Gangelt: Weihnachten im Wildpark Gangelt: Der Nikolaus füttert die Bewohner

Gangelt : Weihnachten im Wildpark Gangelt: Der Nikolaus füttert die Bewohner

Wieder keine weiße Weihnacht im Gangelter Wildpark! Trotzdem war es anders als all die anderen Jahre. Diesmal machte der Weihnachtsmann am Heiligen Abend, kurz bevor es mit den Bescherungen landauf, landab losging, zwischen Rehen, Elchen und Wildschweinen Station, um auf den allerletzten Drücker die Zettel vom Wunschbaum in Empfang zu nehmen.

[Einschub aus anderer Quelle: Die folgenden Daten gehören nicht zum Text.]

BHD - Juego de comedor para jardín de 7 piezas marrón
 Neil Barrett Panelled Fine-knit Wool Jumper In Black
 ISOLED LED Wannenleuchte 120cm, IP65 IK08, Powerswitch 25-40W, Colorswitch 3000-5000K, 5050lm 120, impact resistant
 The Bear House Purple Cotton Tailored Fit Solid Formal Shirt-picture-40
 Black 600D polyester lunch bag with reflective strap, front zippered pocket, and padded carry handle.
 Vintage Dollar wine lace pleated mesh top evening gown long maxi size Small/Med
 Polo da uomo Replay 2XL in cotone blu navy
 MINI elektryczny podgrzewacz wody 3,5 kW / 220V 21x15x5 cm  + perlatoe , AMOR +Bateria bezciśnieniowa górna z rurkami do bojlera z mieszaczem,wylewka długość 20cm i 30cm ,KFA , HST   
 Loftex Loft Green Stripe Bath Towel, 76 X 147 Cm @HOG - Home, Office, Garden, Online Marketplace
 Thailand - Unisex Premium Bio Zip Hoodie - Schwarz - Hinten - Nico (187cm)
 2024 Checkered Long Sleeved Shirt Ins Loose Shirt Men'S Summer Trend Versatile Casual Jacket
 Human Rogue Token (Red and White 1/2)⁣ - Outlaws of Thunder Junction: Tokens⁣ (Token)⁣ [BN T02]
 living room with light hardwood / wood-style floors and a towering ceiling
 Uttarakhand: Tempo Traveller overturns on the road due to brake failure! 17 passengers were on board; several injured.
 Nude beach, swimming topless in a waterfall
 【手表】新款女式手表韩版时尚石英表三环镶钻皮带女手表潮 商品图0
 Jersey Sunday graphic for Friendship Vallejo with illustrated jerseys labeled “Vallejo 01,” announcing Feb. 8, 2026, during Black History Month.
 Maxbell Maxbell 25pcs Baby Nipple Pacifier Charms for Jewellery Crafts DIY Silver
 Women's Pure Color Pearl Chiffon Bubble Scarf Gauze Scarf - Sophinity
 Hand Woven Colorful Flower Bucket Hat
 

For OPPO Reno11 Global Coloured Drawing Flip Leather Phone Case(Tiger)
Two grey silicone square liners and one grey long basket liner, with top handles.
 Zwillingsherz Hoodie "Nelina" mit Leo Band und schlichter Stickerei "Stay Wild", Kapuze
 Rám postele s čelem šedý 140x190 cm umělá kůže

„Es sollte dir doch gelingen, lieber Nikolaus, auch so kurzfristige Wünsche noch zu erfüllen“, begrüßte Wildpark-Mitarbeiter Florian Wilde den noch sehr jungen Rauschebartträger am Eingang zur Falknerei. Standesgemäß fuhr St. Nikolaus mit einer Kutsche vor. Claudia und Norbert Wilde hatten Nick, einen 16-jährigen Tinker aus Irland, eingespannt. Die Kutsche, ein Buggy, bot eine kleine Ladefläche, die mit Möhren, Äpfeln und reichlich Kraftfutter beladen war. Nachdem der Nikolaus die Kinder mit ihren Eltern, seinen Freund Florian und Dr. Hermann von den Driesch, den Geschäftsführer des Parks, begrüßt hatte, nahm er sich reichlich Zeit, mit den Kindern an den Gehegen vorbeizuschlendern und die Tiere, die gerade nicht mit Winterschlaf beschäftigt waren, zu füttern.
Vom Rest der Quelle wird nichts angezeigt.